1. Third-variable problem
A third variable may explain the relationship.
Example:
Ice cream sales and drowning deaths both increase in the summer.
Does ice cream cause drowning?
No.
Third variable:
Hot weather.
2. Directionality problem
You may not know which variable came first.
Example:
Social media use and anxiety are positively correlated.
Possibilities:
- Social media increases anxiety.
- Anxiety causes people to use social media more.
- Another variable influences both.
Because of these possibilities, correlational studies cannot establish cause and effect.
Only experimental designs can support causal conclusions.
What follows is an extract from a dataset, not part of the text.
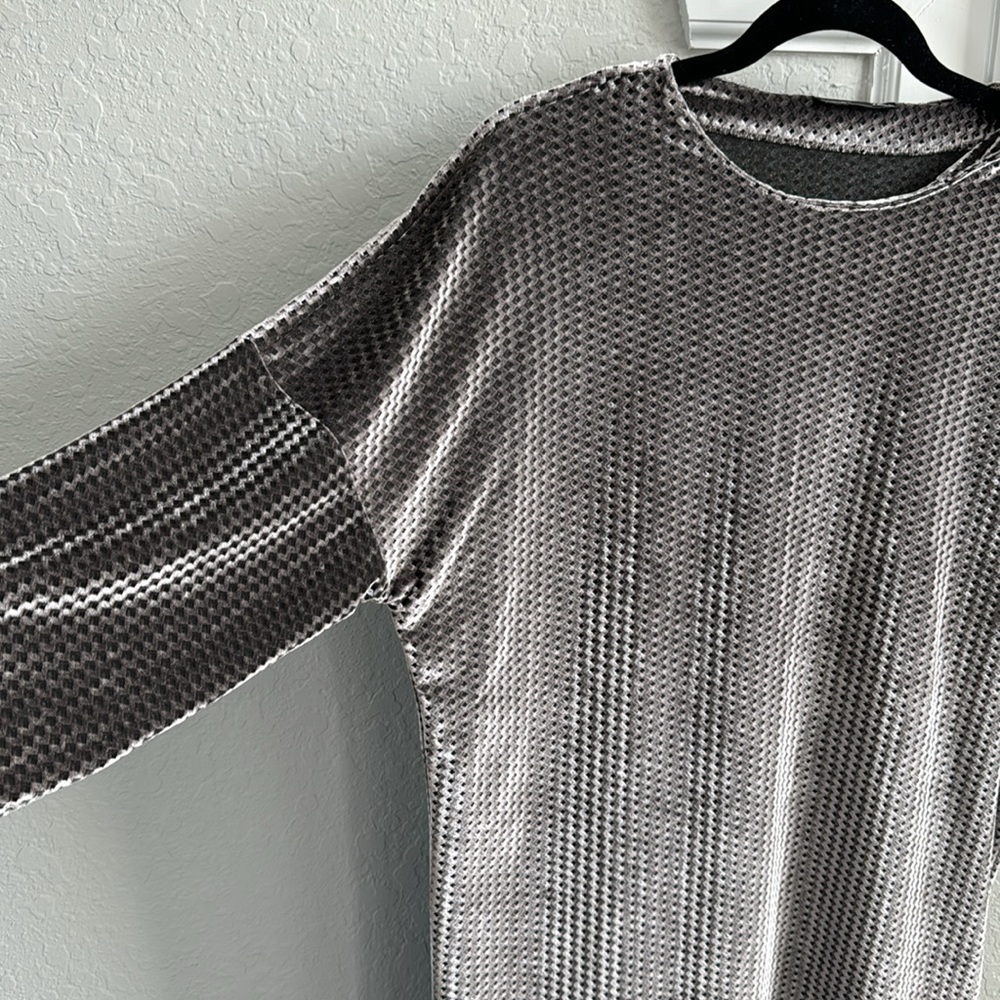 Women’s short velvet dress by Zara - Picture 2 of 4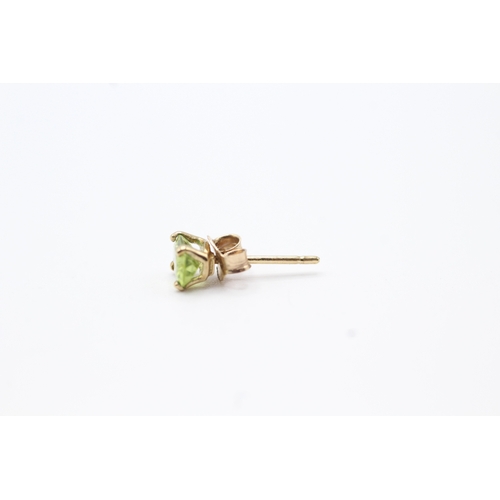 118 - 9ct gold peridot stud earrings (0.7g)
Appropriate Conclusions From a Correlation
Correct conclusion:
"There is a relationship (association) between the variables."
Incorrect conclusion:
"One variable causes the other."
Testable Research Questions
Characteristics of a good research question:
- Clear
- Specific
- Measurable
- Can be answered with data
Good example:
Does sleeping at least 8 hours improve exam performance among college students?
Researchers can:
- Measure sleep.
- Measure exam scores.
- Analyze the results.
Not testable:
Do dreams have spiritual meaning?
Why?
The question cannot be answered objectively using scientific methods.
How Researchers Evaluate a Research Question
Researchers ask:
• Is it clear?
• Can the variables be measured?
• Can data be collected?
• Can it be answered through observation or experimentation?
• Is it ethical to study?
If the answer is yes to these questions, it is generally considered a good, testable research question.